Giants quarterback Tommy DeVito is proudly embracing his Italian heritage and bringing a refreshing dose of authenticity to the league

When I was in my 20s I worked for a family-owned Italian restaurant in Eastpointe, Michigan, a suburb of Metro Detroit. The restaurant was opened in 1956 and still stands in its same spot to this day. It was founded by an Italian couple that immigrated to the United States in a time that saw many Italians leaving their home country for better opportunities. The restaurant stayed in the family, being passed on to the founder's kids. Throughout my exposure to the family I was impressed by how strong their ties to Italian culture was, something that I know from experience as an Arab in America can be difficult to maintain.

I am reminded of my experience at this restaurant with the emergence of Giants quarterback Tommy DeVito. As the Giants enter their bye week, DeVito has led them to two straight wins and provided a silver lining in an otherwise disappointing 4-8 season. DeVito is very much a local product, growing up in Cedar Grove, New Jersey and dominating at local high school powerhouse Don Bosco. And now thanks to injuries, DeVito is getting his moment for a team that plays in a stadium 20 minutes away from where he grew up. And he is doing with all the swagger and gusto that we would expect from an Italian-American from New Jersey. It has been without a doubt, the highlight of this season for fans of the Giants.

Embracing the Culture

Stereotypes are usually a bad thing, as they are typically rooted in racism and a refusal to embrace different cultures. We see stereotypes about just about any minority that has a sizable population in the United States. Italian-Americans are no exception to this rule. They have been portrayed as mobsters and thugs in movies like “Goodfellas” and “Casino”. They have also been portrayed as self indulgent partiers in the MTV hit show “Jersey Shore”. But there are times when these stereotypes can be reclaimed by the culture and become a cultural identifier.

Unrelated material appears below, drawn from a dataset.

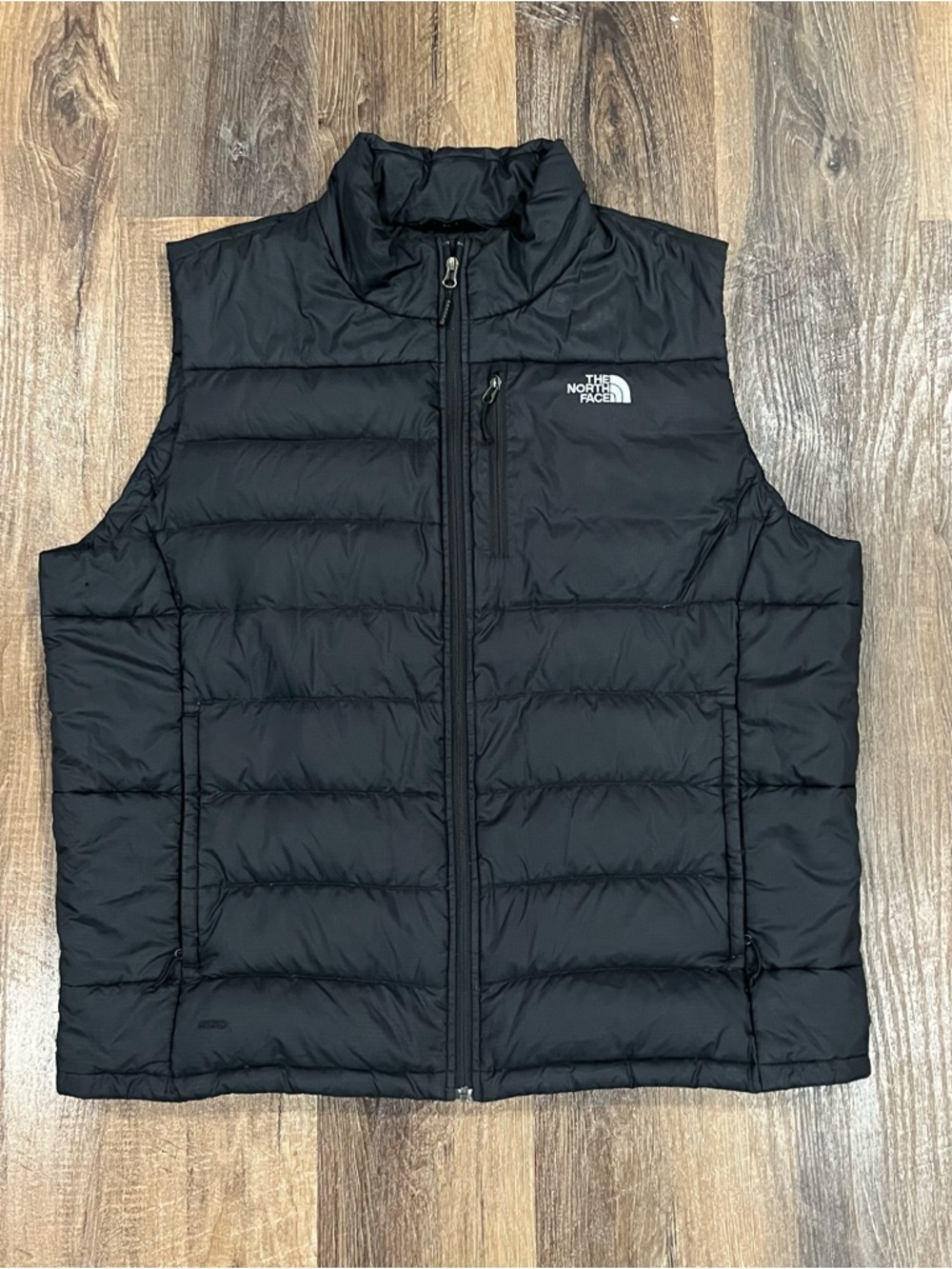 The North Face Men’s 2XL Aconcagua Black Puffer Goose Down 550 Insulated Vest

Tommy DeVito, it seems, has fully embraced multiple Italian stereotypes and made them his own with great success. Coming from a Middle Eastern culture myself, I have often marveled at how similar Arab culture and ideals are to those of Italian and Greek people across the Mediterranean Sea. In Arab culture, it is often common practice for a son to live at home with his parents well into his 20s until he is ready to get married. This is also a common practice with Italian families, something that I witnessed firsthand when working at the restaurant all those years ago. So when the news came out that Tommy DeVito, a 25 year old Italian-American from Jersey, was still living at home with his parents I was not shocked at all. This is common practice culturally.

The same goes for the notion that his mother still does his laundry and cooks meals for him. In Mediterranean cultures this is very normal, despite how uncommon it may be for mainstream America to grasp. DeVito’s family came out in full force to his first home start last week against New England. Over 200 of DeVito’s family and friends came to MetLife to tailgate and celebrate the rookie's first start at home. This again reinforces the strength and importance of family in Italian-American culture that DeVito has fully embraced.

Lastly, is what DeVito has called “Jersey Juice”. The braggadocio and swagger that comes with being an Italian growing up in New Jersey. DeVito has it, and so does his family. The gold chains, the cigars, the hand gestures. All of it. It is all just so aggressively and unabashedly Italian. More than anything, DeVito embracing his culture proudly and loudly is a piece of emotion and authenticity that we often do not see from our favorite athletes and that is a breath of fresh air.

Celebrating Authenticity

Quite often when we hear athletes speak these days we don’t get much substance. In an era of sound bites and content aggregation, athletes tend to keep things as business proper as possible. Never coming off too emotional or critical is the name of the game to avoid headlines. A team that was masterful at this was the New England Patriots during the Tom Brady era. The answers were always unremarkable and came off with the same “on to Cincinnati” tone of Bill Belichick.

But in Tommy DeVito we have someone that is trying something new: being himself. DeVito is unabashedly an Italian from Jersey, and proud of it. His success, however fleeting in this lost Giants season, should be celebrated by Italian-Americans everywhere from New Jersey to Chicago. Having players that proudly represent a group of people is a great thing. As an Arab-American I was thrilled when Robert Saleh was hired as head coach of the New York Jets, even if I wasn’t a Jets fan. There is something special about having someone that a community of people can feel proud of.

It is even more special when that person is putting a light-hearted and fun spotlight on a culture that defines those same people. No one knows what the future holds for Tommy DeVito for the rest of the season. This might be the highlight of his career or he may be on to bigger and better things. But what we do know is that he is someone that is very comfortable just being himself and a representative for New Jersey and Italian-Americans. And that alone deserves to be celebrated.